# Disappearing Tetras?



## Omboc (Dec 25, 2010)

Okay, so last night I went to the LFS and picked up *six* cardinal tetras. I acclimated them to my tank water with the drip method for 45 minutes, originally Eustice was curious about the new critters, but then stopped wandering around after the first 20 minutes. Once I put all *six* into the tank they immediately came into a shoal and everything was just peachy. This is where the mystery starts. I went to sleep last night around midnight and they were all present. But when I woke up like thrity minutes ago, I could only find *three* *:shock:*. So this begs the question, where did they other half go?!? Is it possible for them to jump? (Even though my tank is fully covered) Could Eustice have only been pretending to be passive with them just so he could eat them? (But, where would the remains go?) Did the other tetras eat them? (But wouldn't I find atleast some kind of remains again?) Or are they just hiding in all the plants? (Hopefully this one :roll

Thanks for all your help


----------



## Sweeda88 (Dec 6, 2010)

Probably hiding.


----------



## fishman12 (Sep 1, 2010)

Most likely streesed about the trip, probably hiding. I would poke around with the net to find them.


----------



## DormDrax (Dec 1, 2010)

fishman12 said:


> Most likely streesed about the trip, probably hiding. I would poke around with the net to find them.


Oh don't poke around! Treat this like a game and try and 'Spot' them XD


----------



## Omboc (Dec 25, 2010)

Well, I'll just let them adjust if they are hiding. We'll see what happens


----------



## vaygirl (Sep 10, 2009)

Usually when fish die they end up wedged under decor because the other fish are 'picking' at them and pushing them around. It's best to be sure they're not dead in there because three dead fish are going to give you a big ammonia spike. Start pulling out decor and stirring things up. I hope you find them!

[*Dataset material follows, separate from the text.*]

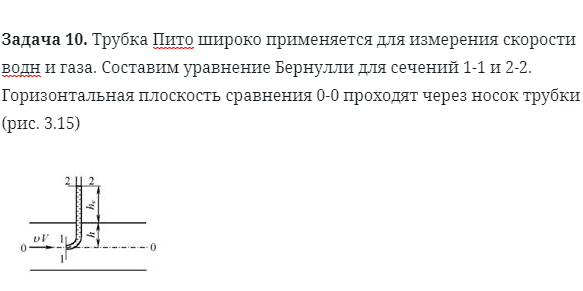 Задача 10. Трубка Пито широко применяется для измерения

Also, check the filter housing. I doubt it but sometimes fish swim up the filter and get into the housing.


----------



## Omboc (Dec 25, 2010)

I have a sponge over the filter intake, but the wedging thing seems plausible, I'm gonna go look now. :/

Also, my betta I have in there with them has become more sluggish, and just stays floating near the top. Should I be worried?


----------



## Here Fishy Fishy Fishy (Oct 29, 2010)

Omboc:

Maybe he's just full of.... um... food? :\

Cheryl


----------



## DormDrax (Dec 1, 2010)

Here Fishy Fishy Fishy said:


> Omboc:
> 
> Maybe he's just full of.... um... food? :\
> 
> Cheryl


I doubt it...

Drax will eat the human equivalent to 4 Big Macs and still flutter off like a humming bird.


----------



## MrVampire181 (May 12, 2009)

I think he munched them. I never mix tetra with males...they have always eaten them.


----------



## Here Fishy Fishy Fishy (Oct 29, 2010)

DormDrax:

Hmmm... the Betta is not sluggish because of the food then... it's because of the REDRUM! O-O

MrVampire182: So if I want to keep tetras, they should be in a betta free tank? Good to know. 

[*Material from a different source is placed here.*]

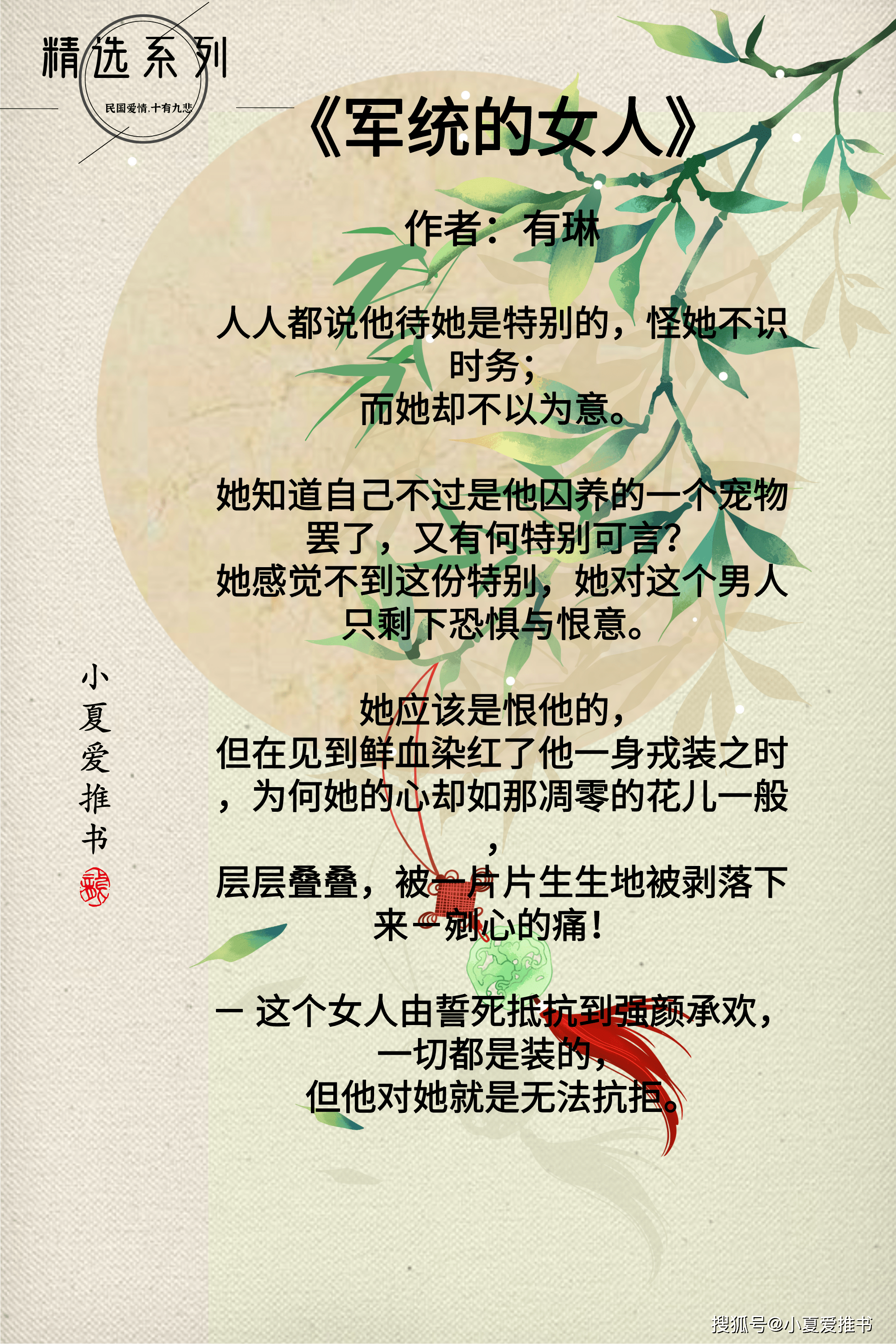 精选系列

Omboc: Sad about the cardinals; they are beautiful fish...

Cheryl


----------



## Omboc (Dec 25, 2010)

And the verdict is!

Three of them died, when they pretend to die, I guess they just pencil dive into the ground. I found 1 wedged into a corner, and the other 2 stuck against a rock in my aquarium. :/

I wish the guy at the store would have let me known that >:|


----------



## Dragonlady (Nov 29, 2010)

I have kept cardinal tetras with male bettas without any problem. It was necessary to have a school of around 6 tetras and a socialized male betta. Male bettas that are kept alone for awhile may not tolerate any other fish or inverts in the tank. It increases their aggression.


----------



## Here Fishy Fishy Fishy (Oct 29, 2010)

Dragonlady,

Thank you; I will keep this in mind when I put together my large community tank (currently a 'fantasy tank' - like a 'fantasy football' team). 

Cheryl


----------



## Here Fishy Fishy Fishy (Oct 29, 2010)

Omboc,

I'd check with your pet store. Some stores have 'fish loss' policies. They might issue a refund or store credit if you bring back the unfortunate cardinals.

Good luck,

Cheryl


----------